Many thanks to stefnotch for explaining how a Service Worker lets us access the required SharedArrayBuffer on github pages

Thanks also to Richard Jones for pointing out I forgot to include a link to my GNU C translation of his code. Here it is.

3/1 Update: I was really impressed by how jonesforth.f defines ARGC, ARGV, and ENVIRON so I set out to understand it better. I came across two tremendously helpful blog posts about the subject:

These posts highlight that the variation between x86 and x86-64 makes it very difficult to write code that will “find” argc in 32-bit and 64-bit environments. That difficulty can be avoided with the -nostartfiles link option. This option lets us define a void _start(void) entry point instead of the standard int main(int argc, char *argv[], char *envp[]). Furthermore, -mpreferred-stack-boundary=3 also avoids a one word padding difference between GCC and Clang. The result is unfortunately still not ABI-compatible with jonesforth.S and requires a small tweak to the definition of ARGC:

< : ARGC S0 @ @ ;
---
> : ARGC 7 CELLS S0 @ + @ ;

4th.fs needs to skip 7 cells because neither GCC nor Clang provide a way to avoid saving callee-saved registers. Visual inspection of the generated assembly code reveals that both compilers save 6 registers (%r12, %r13, %r14, %r15, %rbp, %rbx in 64-bit) plus an extra word that holds the base address of our stack. Emscripten does not care for this low-level chicanery and will require a different (as of yet unidentified) approach. Making ARGC, ARGV, and ENVIRON work in the browser is left as an exercise to the reader.

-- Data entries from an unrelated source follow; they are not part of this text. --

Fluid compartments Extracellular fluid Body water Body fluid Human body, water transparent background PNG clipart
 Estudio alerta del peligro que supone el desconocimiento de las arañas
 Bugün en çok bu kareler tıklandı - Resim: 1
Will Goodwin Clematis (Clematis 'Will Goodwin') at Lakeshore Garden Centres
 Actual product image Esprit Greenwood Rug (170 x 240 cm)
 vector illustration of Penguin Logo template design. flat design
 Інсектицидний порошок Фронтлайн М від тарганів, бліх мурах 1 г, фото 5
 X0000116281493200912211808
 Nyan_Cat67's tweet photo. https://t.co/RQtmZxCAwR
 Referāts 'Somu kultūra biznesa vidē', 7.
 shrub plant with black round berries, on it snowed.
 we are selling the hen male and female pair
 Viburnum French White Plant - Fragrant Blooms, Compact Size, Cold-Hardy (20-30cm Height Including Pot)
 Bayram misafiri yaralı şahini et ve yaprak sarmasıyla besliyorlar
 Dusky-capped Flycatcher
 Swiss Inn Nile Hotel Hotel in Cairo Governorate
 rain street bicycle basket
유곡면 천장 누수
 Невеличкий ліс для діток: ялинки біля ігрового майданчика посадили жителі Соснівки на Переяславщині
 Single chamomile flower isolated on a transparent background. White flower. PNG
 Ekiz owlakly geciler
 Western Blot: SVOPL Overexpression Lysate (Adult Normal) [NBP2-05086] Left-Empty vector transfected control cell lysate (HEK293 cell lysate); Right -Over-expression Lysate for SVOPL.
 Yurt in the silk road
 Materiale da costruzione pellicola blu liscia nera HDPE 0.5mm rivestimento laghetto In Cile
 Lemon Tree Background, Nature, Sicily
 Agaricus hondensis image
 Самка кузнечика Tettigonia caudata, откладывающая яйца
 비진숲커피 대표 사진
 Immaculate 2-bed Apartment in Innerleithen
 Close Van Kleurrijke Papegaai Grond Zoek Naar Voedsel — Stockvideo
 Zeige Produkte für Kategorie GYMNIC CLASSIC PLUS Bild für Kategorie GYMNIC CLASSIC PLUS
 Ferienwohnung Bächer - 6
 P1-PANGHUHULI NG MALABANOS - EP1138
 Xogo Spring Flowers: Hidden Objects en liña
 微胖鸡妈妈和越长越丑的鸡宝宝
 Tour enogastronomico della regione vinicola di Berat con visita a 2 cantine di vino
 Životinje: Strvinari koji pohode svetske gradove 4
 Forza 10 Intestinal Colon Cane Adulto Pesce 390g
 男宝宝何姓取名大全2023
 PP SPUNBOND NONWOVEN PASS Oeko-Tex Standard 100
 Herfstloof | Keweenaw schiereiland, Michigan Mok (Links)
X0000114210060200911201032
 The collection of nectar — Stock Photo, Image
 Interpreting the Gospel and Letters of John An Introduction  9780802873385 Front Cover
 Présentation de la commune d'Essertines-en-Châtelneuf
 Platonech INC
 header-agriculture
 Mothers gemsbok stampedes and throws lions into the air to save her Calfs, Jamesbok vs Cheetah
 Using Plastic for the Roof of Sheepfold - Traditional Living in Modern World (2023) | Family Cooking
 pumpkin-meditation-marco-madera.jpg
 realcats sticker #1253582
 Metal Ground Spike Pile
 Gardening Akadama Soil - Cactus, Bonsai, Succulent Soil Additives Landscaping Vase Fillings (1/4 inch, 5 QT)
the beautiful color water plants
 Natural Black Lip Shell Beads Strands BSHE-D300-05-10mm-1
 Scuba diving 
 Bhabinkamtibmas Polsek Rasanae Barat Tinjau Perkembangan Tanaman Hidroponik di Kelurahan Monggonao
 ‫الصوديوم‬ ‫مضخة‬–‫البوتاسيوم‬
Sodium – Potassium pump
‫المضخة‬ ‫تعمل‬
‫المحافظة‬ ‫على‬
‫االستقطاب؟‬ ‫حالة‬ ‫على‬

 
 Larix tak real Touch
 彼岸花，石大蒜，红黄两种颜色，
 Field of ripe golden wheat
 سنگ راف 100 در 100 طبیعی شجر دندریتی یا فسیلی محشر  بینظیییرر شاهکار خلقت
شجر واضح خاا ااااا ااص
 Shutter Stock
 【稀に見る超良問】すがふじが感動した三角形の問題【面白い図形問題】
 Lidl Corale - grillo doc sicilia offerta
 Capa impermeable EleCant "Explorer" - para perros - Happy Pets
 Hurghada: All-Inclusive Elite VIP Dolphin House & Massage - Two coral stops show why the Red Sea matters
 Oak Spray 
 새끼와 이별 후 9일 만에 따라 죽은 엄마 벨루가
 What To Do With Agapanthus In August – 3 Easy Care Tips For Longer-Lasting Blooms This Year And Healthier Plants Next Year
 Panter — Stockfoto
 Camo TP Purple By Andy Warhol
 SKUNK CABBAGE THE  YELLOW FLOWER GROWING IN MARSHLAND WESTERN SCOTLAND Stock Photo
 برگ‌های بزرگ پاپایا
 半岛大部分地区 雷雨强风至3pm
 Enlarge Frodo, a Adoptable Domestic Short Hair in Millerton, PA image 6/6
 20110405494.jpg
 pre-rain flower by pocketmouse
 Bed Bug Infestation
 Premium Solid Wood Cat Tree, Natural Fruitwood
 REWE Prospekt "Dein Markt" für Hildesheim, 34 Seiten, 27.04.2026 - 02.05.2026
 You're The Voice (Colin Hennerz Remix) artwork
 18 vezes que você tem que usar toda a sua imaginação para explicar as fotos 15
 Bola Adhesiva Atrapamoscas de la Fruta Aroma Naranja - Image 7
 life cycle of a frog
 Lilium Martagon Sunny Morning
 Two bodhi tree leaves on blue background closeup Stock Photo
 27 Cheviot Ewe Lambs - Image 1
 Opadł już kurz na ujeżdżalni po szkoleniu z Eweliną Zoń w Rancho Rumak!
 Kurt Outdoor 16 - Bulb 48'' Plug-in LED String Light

6/10 Update: SEE >CFA and SEE QUIT used to segfault on x86-64 and, while I understood the immediate cause (second WHILE loop in SEE went one step past the end of their respective .code[]), I struggled to fix it. As luck would have it, I inspected the asm output (using gcc’s -S and -fverbose-asm command line flags) and noticed that each word ends with an .align 16 directive. This indicates that gcc pads flexible array members to double word boundaries. Appending an unreachable EXIT to these two words fixes the decompilation. This kludge is significantly easier than influencing gcc’s padding.

While I had the patient on the table, I finally understood the gcc doc explaining how to “stringize the result of expansion of a macro argument” and replaced several #if __SIZEOF_POINTER__ by XSTR(__SIZEOF_POINTER__). I also realized that our DEFCONST macro handles more than constants and simplified a number of short words. Then, I improved the DEFCODE macro to reduce boilerplate further. Finally, I leveraged python’s subprocess to write a simple unit test. This revealed another segmentation fault in my github action which runs on ubuntu-latest and GCC 11 whereas I still run GCC 10 locally. gdb could attribute the segmentation fault to an unaligned MOVAPS instruction but couldn’t show the corresponding stack. The root cause was the -mpreferred-stack-boundary=3 switch I introduced to simplify ARGC. So I replaced it by -mstackrealign, adjusted the definition of ARGC accordingly (7 → 8) and added a test for it. I would never have figured any of this out without nektos/act and Visual Studio Code Dev Containers.